5. The advantages of traceTorch
===============================

So, ``traceTorch`` is similar enough to base PyTorch to not be too jarring a difference, but behind the scenes it
updates the parameters in a quite different manner. So, what are the advantages of this approach in contrast to base
PyTorch?

#. **Constant memory consumption**: Since ``traceTorch`` doesn't rely on autograd graphs, or, rather, builds a small
   one during the backward pass to approximate all the forward passes that happened, and updating parameters happens
   consecutively, layer by layer, the memory impact is a fair bit smaller, especially considering the recurrent nature.
#. **Sparse rewards and "online" learning**: Since everything is stored locally and is always ready to do a backwards
   pass regardless of the number of forward passes beforehand, ``traceTorch`` is effectively capable of online learning.
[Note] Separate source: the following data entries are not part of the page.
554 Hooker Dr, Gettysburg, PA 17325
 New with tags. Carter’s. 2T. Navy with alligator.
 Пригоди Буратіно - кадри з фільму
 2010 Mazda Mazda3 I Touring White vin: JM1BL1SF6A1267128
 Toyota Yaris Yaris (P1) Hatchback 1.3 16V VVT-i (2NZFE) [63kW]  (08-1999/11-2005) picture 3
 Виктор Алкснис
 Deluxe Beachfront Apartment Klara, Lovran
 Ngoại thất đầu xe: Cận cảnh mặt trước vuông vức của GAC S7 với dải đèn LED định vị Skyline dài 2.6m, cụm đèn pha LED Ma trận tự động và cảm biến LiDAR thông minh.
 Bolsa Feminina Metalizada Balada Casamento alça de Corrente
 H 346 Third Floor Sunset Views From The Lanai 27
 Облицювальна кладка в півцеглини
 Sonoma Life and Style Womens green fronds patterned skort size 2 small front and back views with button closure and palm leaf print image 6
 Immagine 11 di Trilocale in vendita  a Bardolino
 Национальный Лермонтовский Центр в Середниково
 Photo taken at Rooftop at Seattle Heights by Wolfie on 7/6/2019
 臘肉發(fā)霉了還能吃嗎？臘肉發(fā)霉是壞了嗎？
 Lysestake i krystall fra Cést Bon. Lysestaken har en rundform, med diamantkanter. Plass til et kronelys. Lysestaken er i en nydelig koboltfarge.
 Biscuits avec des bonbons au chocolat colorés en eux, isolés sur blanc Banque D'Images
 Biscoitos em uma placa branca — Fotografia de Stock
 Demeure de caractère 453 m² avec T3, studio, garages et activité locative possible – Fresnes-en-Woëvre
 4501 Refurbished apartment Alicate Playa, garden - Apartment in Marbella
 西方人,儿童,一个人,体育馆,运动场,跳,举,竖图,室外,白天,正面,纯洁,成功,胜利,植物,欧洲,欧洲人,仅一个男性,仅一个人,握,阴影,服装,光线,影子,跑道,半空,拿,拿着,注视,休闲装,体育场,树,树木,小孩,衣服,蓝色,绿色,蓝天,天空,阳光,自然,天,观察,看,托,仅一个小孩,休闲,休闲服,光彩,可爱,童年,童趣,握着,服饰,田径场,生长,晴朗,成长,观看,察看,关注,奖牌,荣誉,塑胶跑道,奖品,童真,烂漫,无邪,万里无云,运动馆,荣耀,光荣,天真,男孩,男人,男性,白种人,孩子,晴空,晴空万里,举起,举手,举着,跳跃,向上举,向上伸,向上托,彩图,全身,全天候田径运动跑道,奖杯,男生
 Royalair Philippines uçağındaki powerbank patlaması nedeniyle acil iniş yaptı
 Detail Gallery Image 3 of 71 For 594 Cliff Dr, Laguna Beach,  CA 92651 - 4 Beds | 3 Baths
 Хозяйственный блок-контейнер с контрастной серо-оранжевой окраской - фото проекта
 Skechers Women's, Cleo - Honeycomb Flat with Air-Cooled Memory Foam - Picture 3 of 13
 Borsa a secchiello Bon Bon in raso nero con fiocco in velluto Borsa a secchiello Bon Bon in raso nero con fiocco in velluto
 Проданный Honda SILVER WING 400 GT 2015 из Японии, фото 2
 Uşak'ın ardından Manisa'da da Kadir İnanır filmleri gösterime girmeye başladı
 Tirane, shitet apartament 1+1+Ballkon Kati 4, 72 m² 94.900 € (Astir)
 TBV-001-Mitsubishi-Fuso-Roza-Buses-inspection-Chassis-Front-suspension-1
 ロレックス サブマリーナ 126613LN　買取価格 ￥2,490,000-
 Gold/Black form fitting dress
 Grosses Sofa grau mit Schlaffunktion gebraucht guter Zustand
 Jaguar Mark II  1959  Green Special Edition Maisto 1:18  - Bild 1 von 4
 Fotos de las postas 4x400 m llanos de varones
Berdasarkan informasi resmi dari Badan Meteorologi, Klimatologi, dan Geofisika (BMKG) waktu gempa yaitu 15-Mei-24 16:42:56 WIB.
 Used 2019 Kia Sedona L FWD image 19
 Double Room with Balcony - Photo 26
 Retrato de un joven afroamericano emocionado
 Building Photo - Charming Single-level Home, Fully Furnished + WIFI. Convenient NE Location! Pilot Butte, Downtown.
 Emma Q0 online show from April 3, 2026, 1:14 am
   To be pedantic, it's not exact online learning, since we do not do any extra calculations for the derivatives during
   the forward pass, but that technically makes ``traceTorch`` all the better, since now we do these calculations
   sparsely, only when the backward pass occurs, rather than needing to do them in the forward pass each time to have an
   "instant" backward pass.
#. **Continuous interpolation between stateful and stateless**: By default, ``traceTorch`` layers are initialized to be
   in a recurrent manner. But you can just as easily change the hyperparameters, and disable learning of them in order
   to enforce the model to be stateless. It's a continuous interpolation between maximal recurrence, accumulating
   information over an infinite amount of time, versus rapidly discarding old information.